WHAT IS EXPECTED
Would you output the entries below only from the line containing "Cercle Arctique Monument" through the line containing "Трехместный Номер Классика, Oyo", exactly as they stand and with both ends included?
DATA PROVIDED section start
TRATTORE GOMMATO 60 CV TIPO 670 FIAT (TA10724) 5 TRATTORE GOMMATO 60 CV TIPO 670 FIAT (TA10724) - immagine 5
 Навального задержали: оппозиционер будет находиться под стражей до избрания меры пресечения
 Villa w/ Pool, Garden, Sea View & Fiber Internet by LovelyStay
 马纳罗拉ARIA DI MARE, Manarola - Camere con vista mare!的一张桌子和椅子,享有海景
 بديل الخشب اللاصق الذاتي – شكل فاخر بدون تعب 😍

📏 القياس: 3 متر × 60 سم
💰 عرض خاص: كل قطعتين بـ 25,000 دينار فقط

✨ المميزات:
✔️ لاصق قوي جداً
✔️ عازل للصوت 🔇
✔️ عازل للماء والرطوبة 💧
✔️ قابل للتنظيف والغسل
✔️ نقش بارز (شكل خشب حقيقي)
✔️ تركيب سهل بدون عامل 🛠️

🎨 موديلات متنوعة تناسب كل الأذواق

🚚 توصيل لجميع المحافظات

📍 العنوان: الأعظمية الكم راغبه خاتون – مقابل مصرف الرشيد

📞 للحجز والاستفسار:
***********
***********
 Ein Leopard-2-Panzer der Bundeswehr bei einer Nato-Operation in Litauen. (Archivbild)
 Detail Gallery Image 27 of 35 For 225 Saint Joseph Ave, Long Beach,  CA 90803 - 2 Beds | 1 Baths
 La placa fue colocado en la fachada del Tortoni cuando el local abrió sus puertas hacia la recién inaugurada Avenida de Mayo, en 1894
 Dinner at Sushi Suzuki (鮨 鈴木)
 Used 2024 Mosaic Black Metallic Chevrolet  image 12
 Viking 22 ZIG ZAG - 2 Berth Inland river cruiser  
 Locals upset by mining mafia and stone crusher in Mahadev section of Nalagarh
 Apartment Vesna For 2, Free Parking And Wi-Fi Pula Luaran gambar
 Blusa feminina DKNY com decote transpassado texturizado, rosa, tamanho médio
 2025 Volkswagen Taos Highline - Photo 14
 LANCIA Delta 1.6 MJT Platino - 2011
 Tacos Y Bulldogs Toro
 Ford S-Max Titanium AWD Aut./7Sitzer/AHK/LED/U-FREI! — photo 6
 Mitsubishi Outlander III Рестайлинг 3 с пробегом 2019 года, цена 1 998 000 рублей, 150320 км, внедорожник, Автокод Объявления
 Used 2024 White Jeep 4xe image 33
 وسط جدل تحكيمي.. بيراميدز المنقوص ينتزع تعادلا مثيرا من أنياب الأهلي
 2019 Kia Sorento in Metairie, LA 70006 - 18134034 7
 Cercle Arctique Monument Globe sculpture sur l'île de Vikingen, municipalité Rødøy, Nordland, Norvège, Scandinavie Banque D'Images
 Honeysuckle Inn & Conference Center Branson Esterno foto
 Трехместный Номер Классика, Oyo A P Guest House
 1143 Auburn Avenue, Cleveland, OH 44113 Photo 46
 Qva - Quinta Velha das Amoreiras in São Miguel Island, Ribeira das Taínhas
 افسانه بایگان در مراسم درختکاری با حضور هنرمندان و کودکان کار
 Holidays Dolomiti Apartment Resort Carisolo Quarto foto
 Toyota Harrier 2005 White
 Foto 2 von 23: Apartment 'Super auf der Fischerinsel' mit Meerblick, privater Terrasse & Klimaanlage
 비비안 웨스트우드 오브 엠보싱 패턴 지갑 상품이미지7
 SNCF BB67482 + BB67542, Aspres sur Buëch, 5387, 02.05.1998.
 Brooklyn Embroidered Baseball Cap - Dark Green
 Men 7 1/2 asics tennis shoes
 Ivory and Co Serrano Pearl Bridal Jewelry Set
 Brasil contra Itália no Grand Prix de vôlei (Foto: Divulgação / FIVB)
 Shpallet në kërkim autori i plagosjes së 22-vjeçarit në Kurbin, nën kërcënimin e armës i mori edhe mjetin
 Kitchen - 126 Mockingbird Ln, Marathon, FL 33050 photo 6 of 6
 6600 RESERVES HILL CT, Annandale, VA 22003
DATA PROVIDED section end
TASK ANSWER
 Cercle Arctique Monument Globe sculpture sur l'île de Vikingen, municipalité Rødøy, Nordland, Norvège, Scandinavie Banque D'Images
 Honeysuckle Inn & Conference Center Branson Esterno foto
 Трехместный Номер Классика, Oyo A P Guest House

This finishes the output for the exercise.